Friendly Persuasion (1956) 3,45

 „Wenn ich ich in die Betstunde gehe, soll nichts als Liebe und Frieden in meinem Herz sein!“

Jaja, die wunderbare Welt der Quäker, einer „friedlichen Sekte“, die keiner Fliege ein Haar krümmen bzw. schon gar nicht so etwas wie Fäsute fliegen lassen können. Der Film spielt in der Zeit des amerikanischen Bürgerkriegs und man könnte annehmen, dass schon bald die brutale Härte über die zuckersüße Quäkerfarm komme…

Doch was wir sehen, ist stattdessen schlimmster naiv-„komischer“ Biederquark in einem Stil, der einen (sofern man denn nicht mit amerikanischen Western aufgewachsen ist) an deutsche Heimatfilme der 50er erinnert...

Dieses, wie man hofft, Vorspiel dauert aber nicht bloß eine halbe Stunde, sondern eine und noch länger: ein Jahrmarktsbesuch zeigt unchristliche Verlockungen und bringt kurz Aufregung; doch alles was irgendwie spannend wäre (wie provozierbar ist ein religiöser Pazifist bevor er auch mal wütend wird? o.ä.), geht völlig unter in dem belanglosen Quark aus Schmalz, peinlich-jenseitigen Musikeinlagen und Wagenrennen, der da in quälender Länge ausgebreitet wird. Der Film hat wohlgemerkt im Jahr 1956 die Goldene Palme von Cannes gewonnen (!!).

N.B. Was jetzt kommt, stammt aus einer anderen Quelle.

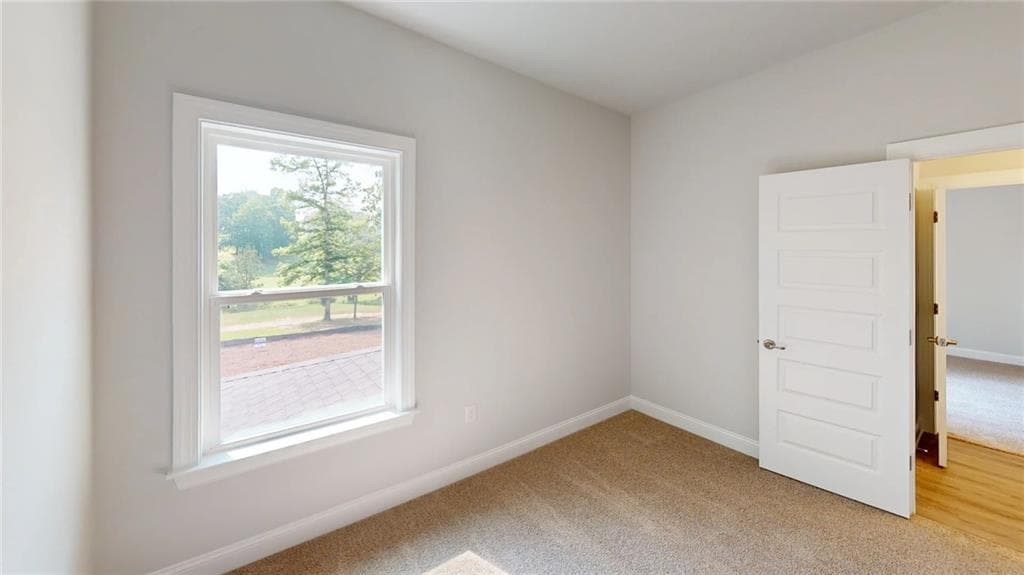 6 bedroom, 4 bathroom, 3,119 sq ft single family residence for sale at 3022 Fairway Drive, Villa Rica, GA 30180 — photo 3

Selbst wenn man „alte (Hollywood-)Filme/-Western“ grundsätzlich nicht so aufregend findet, ist so eine Auszeichnung, ja überhaupt jegliches Wohlwollen gegenüber diesem Film völlig unerklärlich; Satire oder Kritik an Religion ist nämlich nicht zu identifizieren.

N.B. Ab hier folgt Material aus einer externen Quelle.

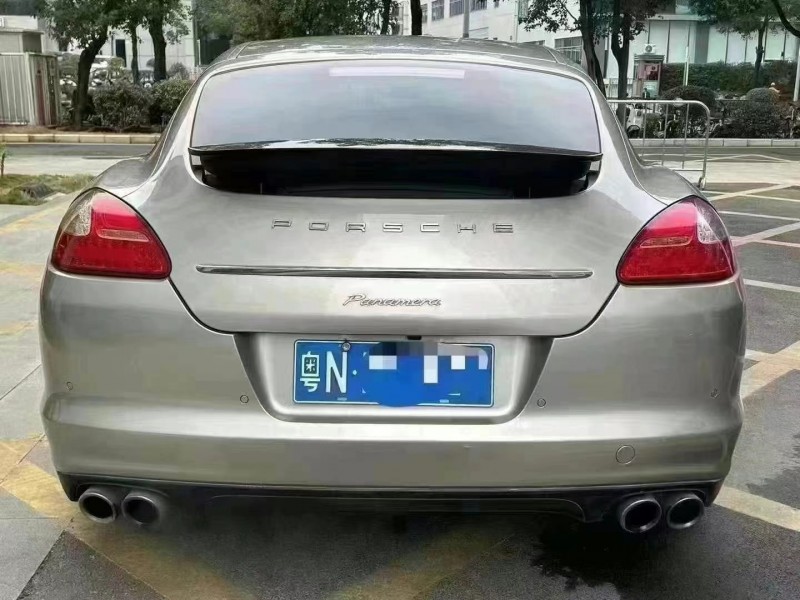 深圳12年保時捷帕拉梅拉5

Über den Krieg wird sowieso eher wie über einen harmlosen Kinderspielplatz gesprochen - als ob die Welt damals wirklich so banal und plüschig gewesen wäre. Kann sein, dass es damals in Hollywood noch gar nicht möglich war, düster oder dreckig zu sein, doch woanders war das möglich und auch in Hollywood selbst wurde es ja bald danach, insofern darf dieser überlange Schmalz ruhig in Vergessenheit geraten.

Nach qualvoll-sinnlosen 90 Minuten scheint es endlich loszugehen, nach 105 Minuten wird es sogar noch so etwas wie ein Film. Ein bisschen früher und dann wäre es wenigstens annehmbar gewesen, so ist dieses Werk dem Titel zum Trotz alles andere als eine lockende Versuchung, sondern zu lange ein völlig reizloser Topfen; altes Hollywood hin oder her, schnarchiger und uninteressanter geht’s kaum – ein Werk für die ewige Mottenkiste.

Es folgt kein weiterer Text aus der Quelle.